U.S. Task Force Issues New Guidelines on Tamoxifen for Prevention

 

Women at a high risk of developing breast cancer should talk with their physicians about the benefits and risks of taking drugs like tamoxifen to reduce their risk of the disease, according to the U.S. Preventive Services Task Force. The Task Force recommends that women at a low or average risk for breast cancer not take these drugs.

The Task Force is an independent panel of experts, sponsored by the Agency for Healthcare Research and Quality. The panel reviewed three randomized controlled trials that analyzed the use of tamoxifen and one study on the use of raloxifene to reduce the risk of breast cancer. The recommendations of the Task Force were published in the Annals of Internal Medicine.
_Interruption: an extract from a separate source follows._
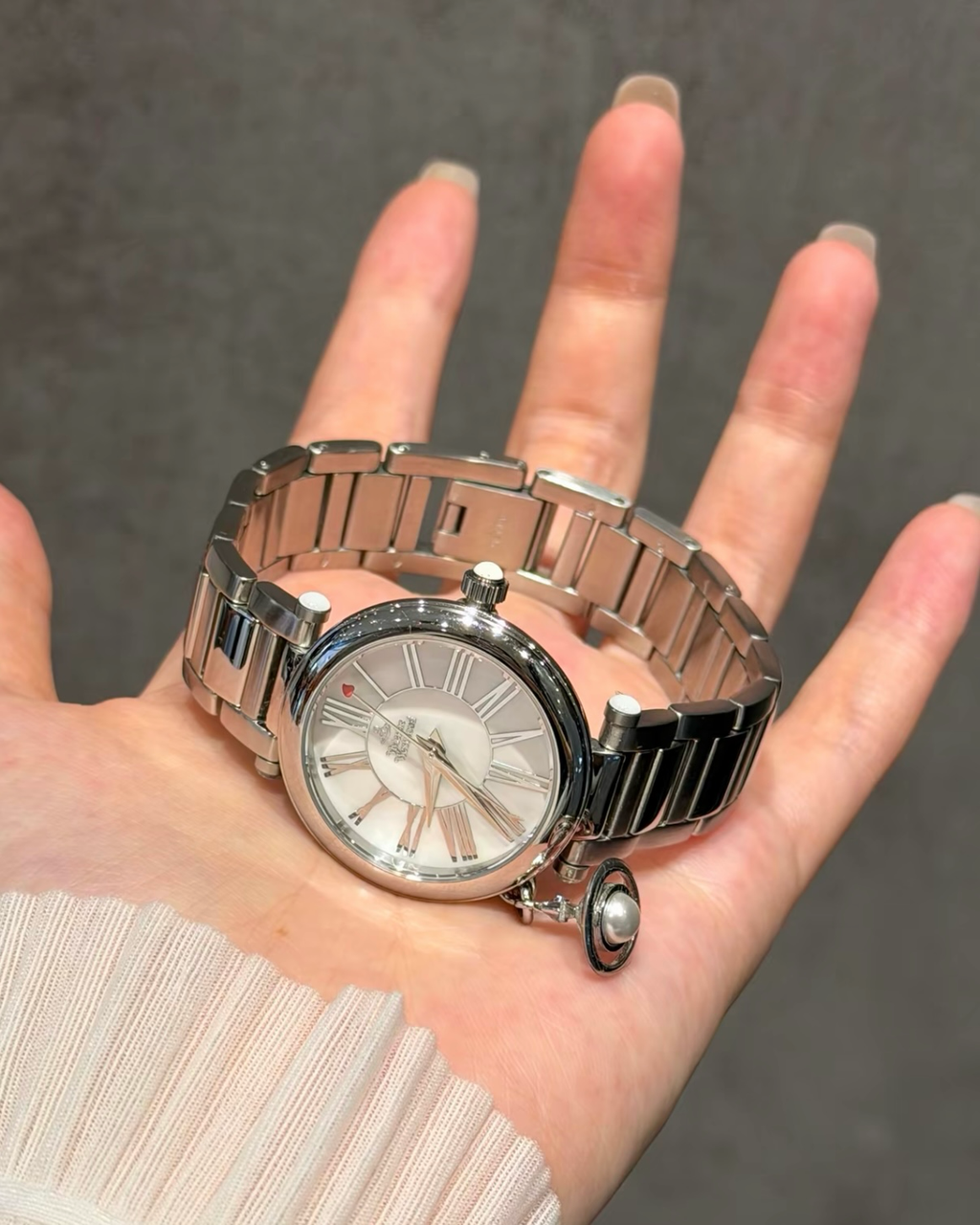 Vivienne Westwood 不锈鋼手錶 銀白色 防水 土星吊墜 石英機芯 西太后 薇薇安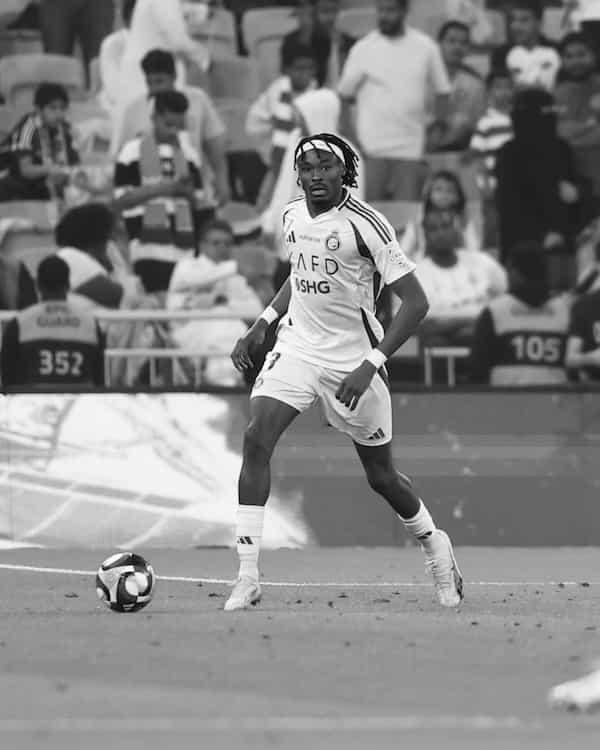 シマカン 強豪との1戦で退場したことをファンに謝罪する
"Researchers have long known that tamoxifen can reduce the chances for a second episode of breast cancer in women who have already had breast cancer. But only recently have studies been done to see whether medications can reduce breast cancer risk in healthy women who are at high risk for the disease," said Janet Allan, PhD, R.N., and vice chair of the Task Force. "The Task Force found fair evidence that tamoxifen can significantly reduce the risk for invasive estrogen-receptor-positive breast cancer by approximately 50 percent in women at high risk for the disease. We found consistent evidence for raloxifene, but it was limited to one study that focused on use of the drug to prevent fractures."
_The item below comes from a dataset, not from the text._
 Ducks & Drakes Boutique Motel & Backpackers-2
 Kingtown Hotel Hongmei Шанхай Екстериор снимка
For women who are not at high risk for developing breast cancer, the Task Force recommends against the routine use of tamoxifen or raloxifene because the potential harmful side effects may outweigh the potential benefits. Side effects can include hot flashes, an increased risk of blood clots as well as endometrial cancer and uterine cancer (see related Medical Week story).

The Task Force found that the balance of benefits and detriments of taking the drugs to prevent breast cancer is more favorable for women in their 40s who are at high risk for breast cancer and have no predisposition toward blood clots, and for women in their 50s who are at high risk for breast cancer who have no predisposition to blood clots and who do not have a uterus.

Tamoxifen is the only drug currently approved by the U.S. Food and Drug Administration to reduce the incidence of breast cancer in women at high risk for breast cancer. Raloxifene is approved by the FDA for the prevention and treatment of osteoporosis, but some physicians prescribe it "off label" to reduce the risk of breast cancer.